The spouse splitting rules doesn’t take into account the performance of investments over that period – just the contributions. You can split contributions up to 85% of concessional contributions (given that the 15% tax has been paid in your account, where the money first arrived). It doesn’t matter how investment markets have behaved.
Let me show you by way of example. Let’s say your super fund is worth $75,000 and you’ve made $25,000 worth of concessional contributions, that you now intend to transfer to your wife under the spouse splitting rules (which means you could split, to her account, $21,250). During that year, markets drop 25%, which means your investment has fallen from $96,250 (assuming the 15% contributions tax has been paid on the $25,000), to $72,187.

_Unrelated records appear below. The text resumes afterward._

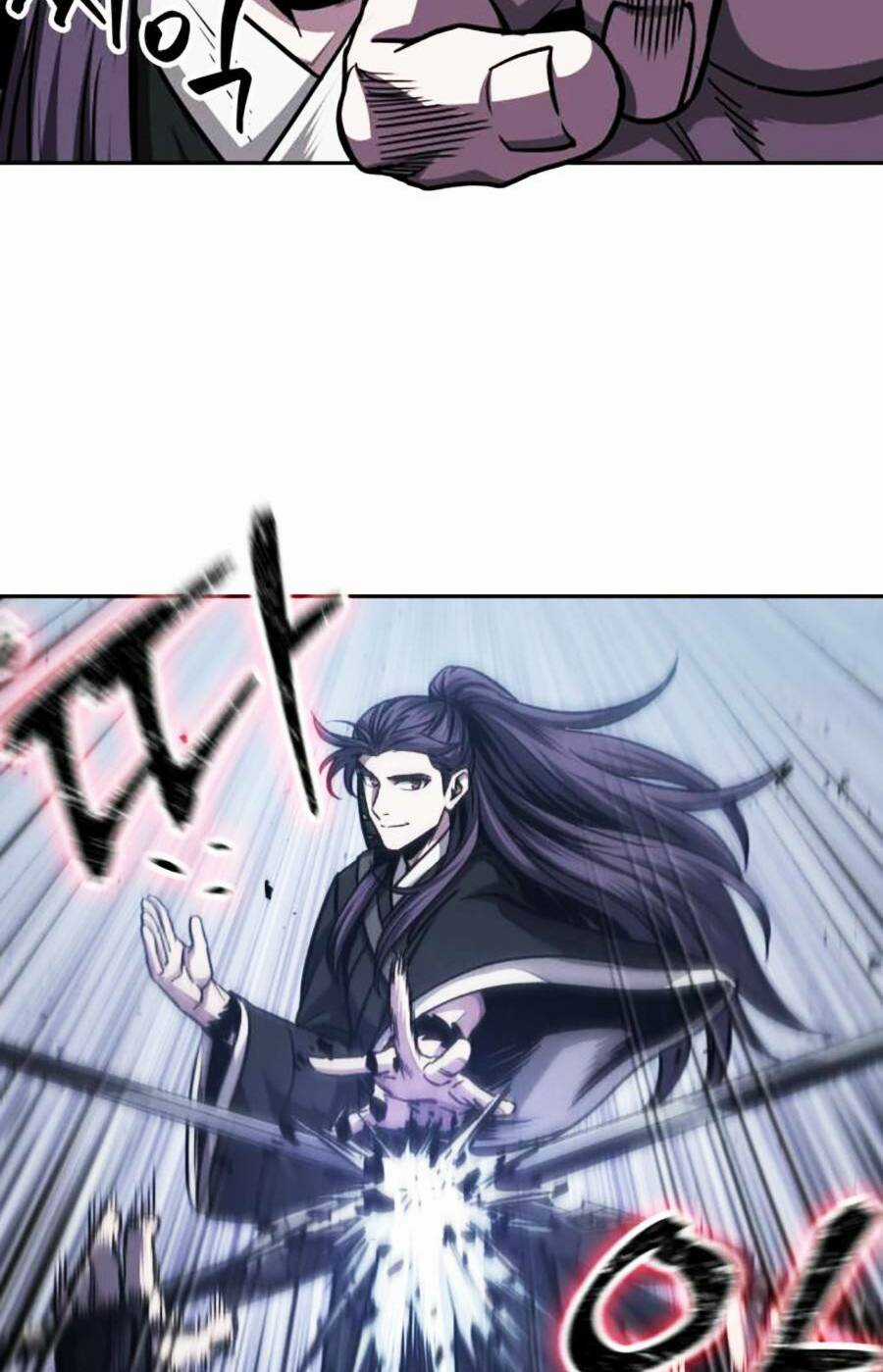 Nano Ma Thần - Chapter 167 - Trang 48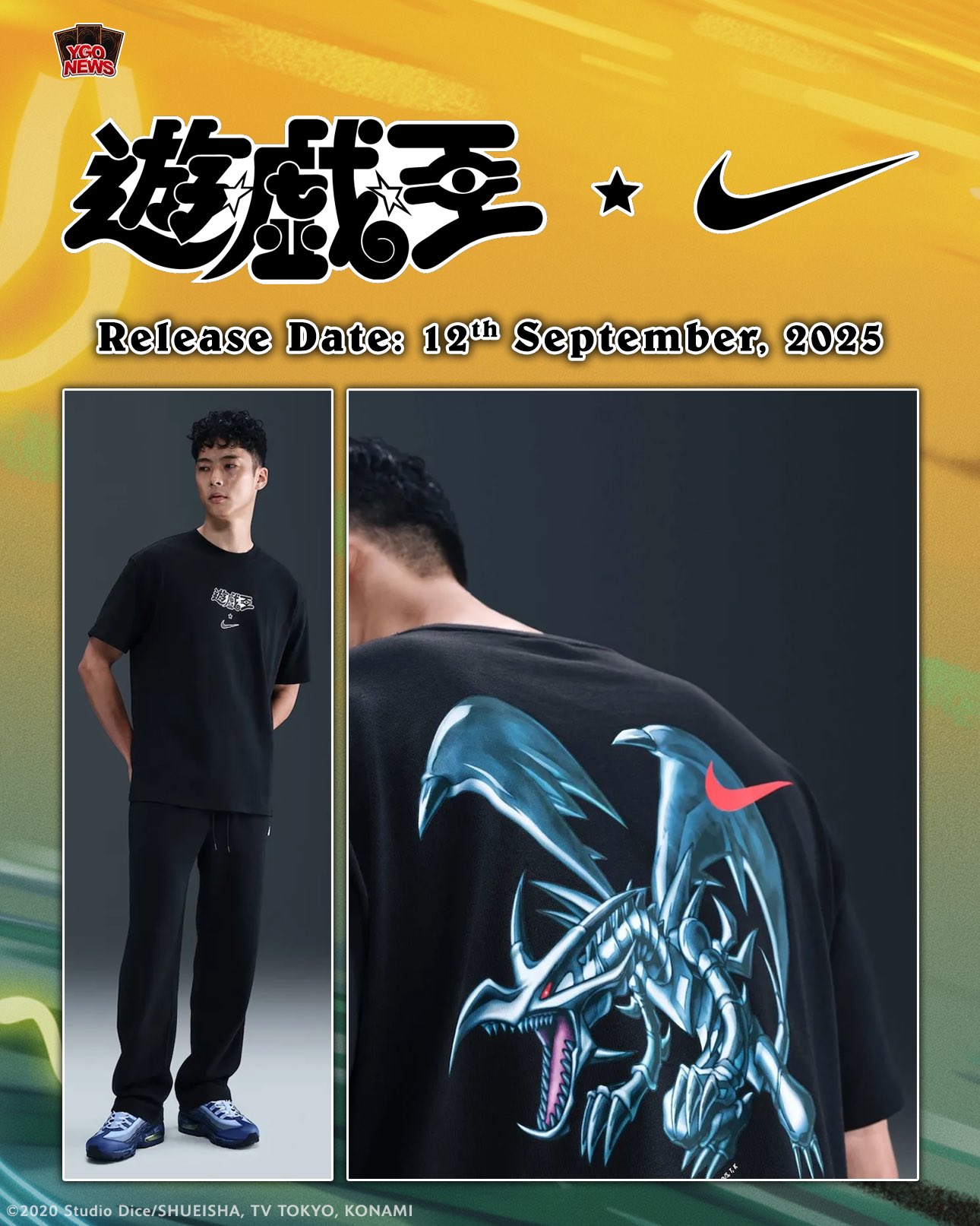 シロクリボー on X: 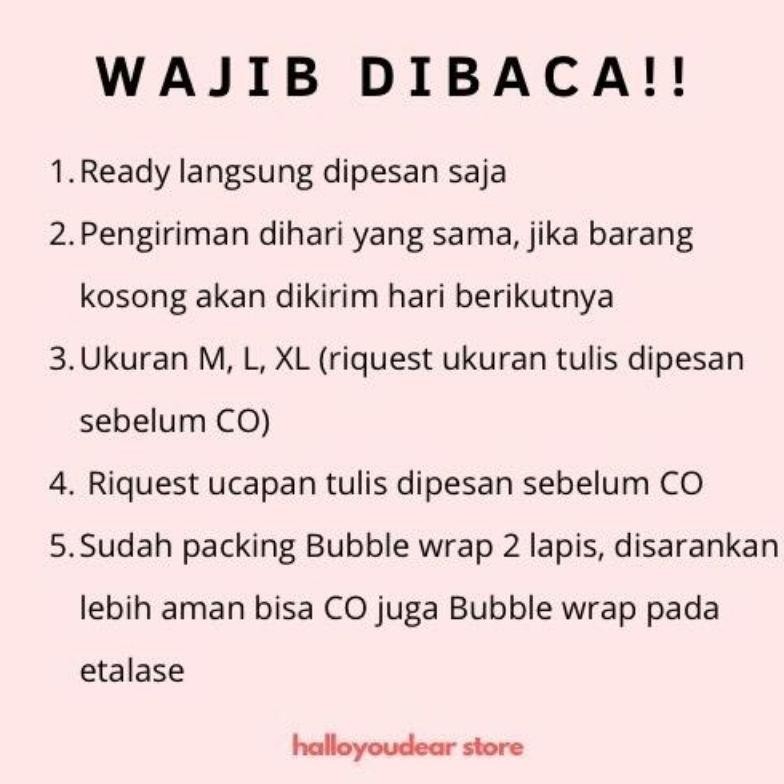 

New Arival [Bisa COD] - giftbox/hampers/kado cowok muslim Terlaris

You can spouse split the $21,250 with her after that, which would reduce your super fund to $50,937. The 25% fall in the market, after the spouse split, has actually seen your super fund fall by 32% (from $75,000 to $50,937).
HFT order mystery
Thanks for various discussions concerning High Frequency Trading. HFT certainly does raise the blood pressure amongst many. I generally try to remain cautious with respect to decrying change. However, there is an aspect of HFT that seems to be little understood, which I would like to explain. My experience proves that there is more to the claim “The method relies on advanced mathematics and engineering skills to get slightly ahead of the market in knowing when a ‘buy’ or ‘sell’ order is coming”. I have evidence that the trading systems (which pay extra for the privilege) actually do have prior warning of a real order, and can change their orders before the incoming order is processed. This is not a matter of using mathematical processing of historical trading patterns to predict the likelihood of future trades. They actually learn of new orders coming online and are able to act before these orders are processed. As an example on March 28, 2012, I put a sell order for 17,734 AWE shares at price of $1.855 at a time when about 100,000 shares were listed for purchase at that price. Trading had been light (apart from the buzz of small quantity orders), but all the buy orders disappeared on my sell order being submitted, with zero trades recorded between the time my order was placed and the buy orders cancelled. This is just one of many occasions I have noticed the cancelling of orders as a result of my order being placed. Most trading systems have rigidly enforced transactional semantics. The HFT traders seem to be able to be able to pay extra to avoid the normal transactional requirements. The normal requirements would be to: 1. Receive new order; 2. Disable processing further orders; 3. Process new order and adjust order stack; 4. Enable processing further orders. Given that this clearly does not happen with HFT traders I consider the transaction processing of the stock exchanges to be broken, and deliberately broken to favour the HFT traders. Rather than providing "improved liquidity", HFT actually distorts the market and less "liquidity". I have seen moderately traded stocks move 5% just because I have put in a real order.
Slowing or accelerating?
It amazes me how the commentariat continue to tell us that the Chinese economy is slowing. Alan Kohler fell into the same trap in his Weekend Briefing, under the heading “Iron Ore”. And yet if I read other reports about the Chinese economy I am sure to be told that China's rate of growth has fallen from around 14% to 7%. Now, when I went to school, which I must admit was a long time ago, I learned that "rate of growth" could also be called “acceleration”. So if the current rate of growth for the Chinese economy is around 7%, then surely the Chinese economy is accelerating at 7% per annum. I am not sure how Mr Kohler can possibly report this as a slowing economy.